If your looking for this type 
Google Image Result for http://www.tropicalfishandaquariums.com/Gouramis/BlueGourami4.jpg

I have 2 very healthy ones about 2-3 inches long . I would be VERY interested in your silver dollars to go with the 7 I have in the 180 ( wouldn't that look sweet  ) unfortunatly your way out there .  Maybe you could help out infrared and myself at the same time .  ) If your interested I will give ya 30 for the silver follars and you could have the gourami's for your troubles ....if that appeals to you .
bill


----------



## SophieThomas (May 12, 2010)

Bump Bump


----------



## SophieThomas (May 12, 2010)

Apistogrammas still available. Make an offer


----------



## SophieThomas (May 12, 2010)

Will also accept tetras for the apistos.


----------



## donjuan_corn (May 6, 2010)

SophieThomas said:


> Apistogrammas still available. Make an offer


do you have pictures? i have shitty security at work not sure if there are pictures on this site, can you email me the pics [email protected]

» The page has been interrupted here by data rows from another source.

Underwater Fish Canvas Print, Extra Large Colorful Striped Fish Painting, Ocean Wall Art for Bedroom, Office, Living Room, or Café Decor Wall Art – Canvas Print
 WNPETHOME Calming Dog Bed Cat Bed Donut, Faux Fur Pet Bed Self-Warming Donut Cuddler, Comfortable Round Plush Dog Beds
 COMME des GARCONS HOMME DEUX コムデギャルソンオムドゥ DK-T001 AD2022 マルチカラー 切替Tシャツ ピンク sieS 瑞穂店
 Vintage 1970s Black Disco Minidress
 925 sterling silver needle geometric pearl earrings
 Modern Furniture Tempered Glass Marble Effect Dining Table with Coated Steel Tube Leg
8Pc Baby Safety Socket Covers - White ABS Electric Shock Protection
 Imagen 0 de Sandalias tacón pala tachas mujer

Might want the Apistogramma Cacatuoides.

Thanks.


----------



## SophieThomas (May 12, 2010)

Millionth edit: lol Their colours vary quite a lot with stress as well as food type. After eating live food they are very vibrant


----------



## SophieThomas (May 12, 2010)

I just realized I promised pictures and didn't put any up! Way to go me, lol.


----------



## donjuan_corn (May 6, 2010)

Do you ever come towards Burnaby? i'll take them.


----------



## SophieThomas (May 12, 2010)

We will be heading out somewhat in that direction on Saturday evening. Other than that we don't plan on being out there for another few weeks (need to visit Island Pets). Would Saturday work?


----------



## donjuan_corn (May 6, 2010)

Sat is great, pm'd


----------



## SophieThomas (May 12, 2010)

Still available. Not suitable tankmates


----------



## Colin (Aug 13, 2010)

PM Sent for the apisto's

Very familiar with apistogramma cacatuoides. Bred them for a few years...


----------